Yesterday, there was some good news for the UK economy, as the Flash Purchasing Manager Survey continues to indicate an improving economy. The composite PMI, combining services and manufacturing, came in at 54 from 52.8 in the previous month, apparently driven by an improvement in business and consumer spending. According to Pantheon Research, that news would suggest quarter-on-quarter economic growth of around 0.4%.

In contrast, the US PMI came in weaker than expected, coming in just over 50, further indicating that the US economy may be slowing more than anticipated in the second quarter. There were further signs of a weakening employment market. Later today, we will get the durable goods orders for March and the Q1 GDP estimate tomorrow. Also, on Thursday, initial jobless claims will give another insight into the jobs market, and then on Friday, the latest Michigan consumer confidence survey, so plenty of news to get a sense of the direction of the US economy. So far, US equities, after 3 fairly miserable weeks, are staging something of a rally; US interest rates have not changed much, and the 2-year yield remains just under 5%.  The question I guess, will now be does indications of a weaker economy help stocks as it improves the case for the Fed to cut in June or unnerve investors as they worry the Fed will be behind the curve on the way down as they were on the way up, The worst of all worlds sticky prices and a slowing economy, the dreaded stagflation. Central Bankers Kryptonite.

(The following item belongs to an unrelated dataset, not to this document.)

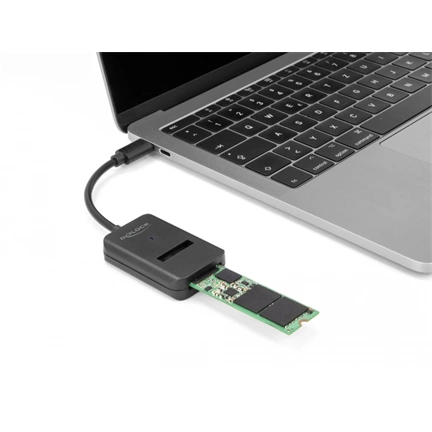 DELOCK M.2 NVMe PCIe vagy SATA SSD kombinált átalakító USB Type-C 10 Gbps-vel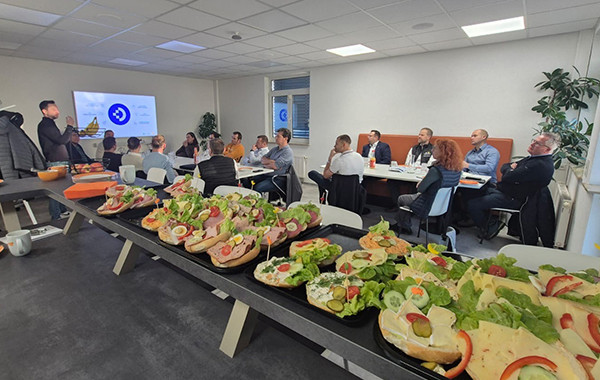 Brötchen beim Unternehmerfrühstück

Earnings season is well on its way, and the tech names have done okay so far. Tesla even bounced last night after a 40% fall in the share price this year. Even though the company missed expectations, the shares probably took part in something of a relief rally, as this has been largely anticipated. Over the coming days, we get more heavyweights, including Microsoft, Alphabet and, on another note, Boeing, to report before the US market opens today. Never a dull moment in the world of capital markets.

On another note, Back to Black, the Amy Winehouse biopic movie is worth a visit to the picture house. It’s not an easy watch, though. The lead actress is great; you think it’s her at times, and I am not sure Blake is what Walt Disney had in mind as a prince.